* [Stored data]
○ ○ ○

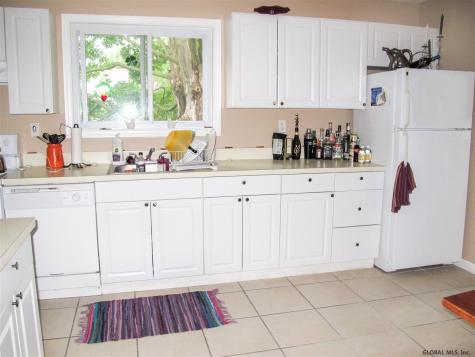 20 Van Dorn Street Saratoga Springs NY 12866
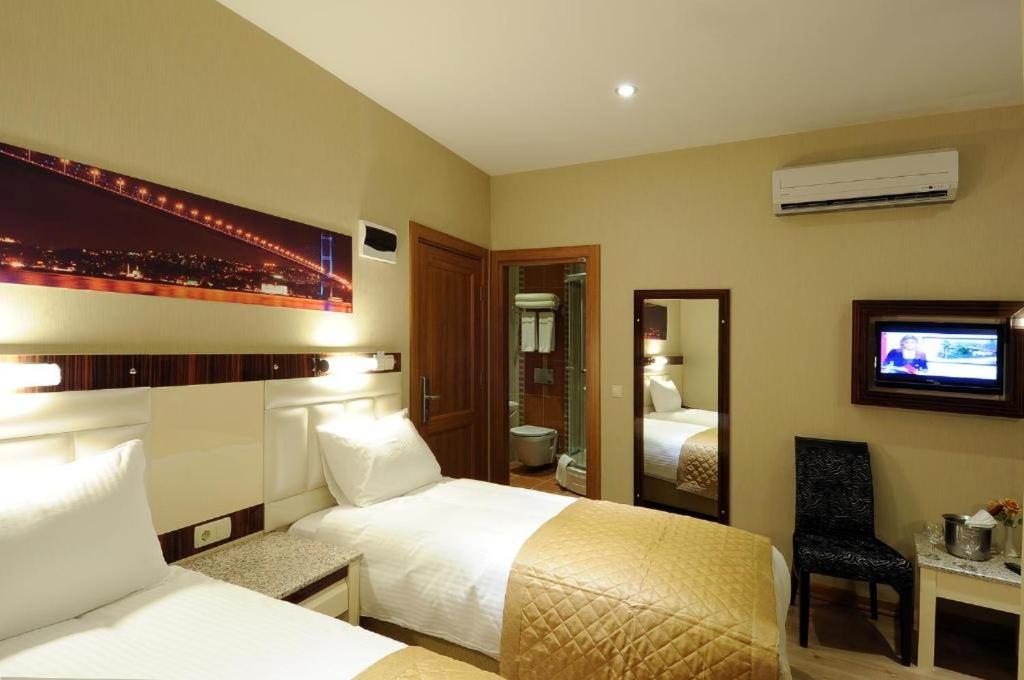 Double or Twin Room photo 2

○ ○ ○

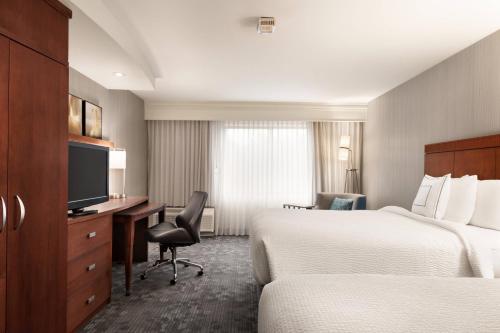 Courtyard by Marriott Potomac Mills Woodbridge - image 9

○ ○ ○

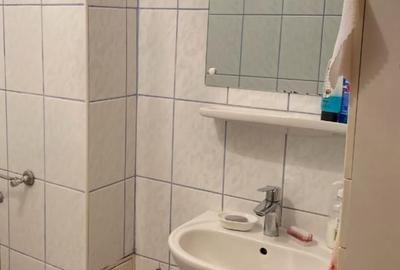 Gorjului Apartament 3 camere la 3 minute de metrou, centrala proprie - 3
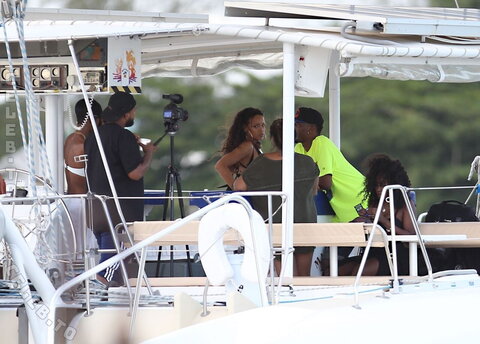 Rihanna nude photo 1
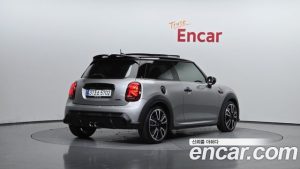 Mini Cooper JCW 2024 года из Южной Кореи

○ ○ ○

* [Work instructions] Using the entries above, transcribe exactly from the line that has "20 Van Dorn Street Saratoga Springs NY 12866" through the line that has "Double or Twin Room photo 2". Pictures are dropped.

* [The answer]
 20 Van Dorn Street Saratoga Springs NY 12866
 Double or Twin Room photo 2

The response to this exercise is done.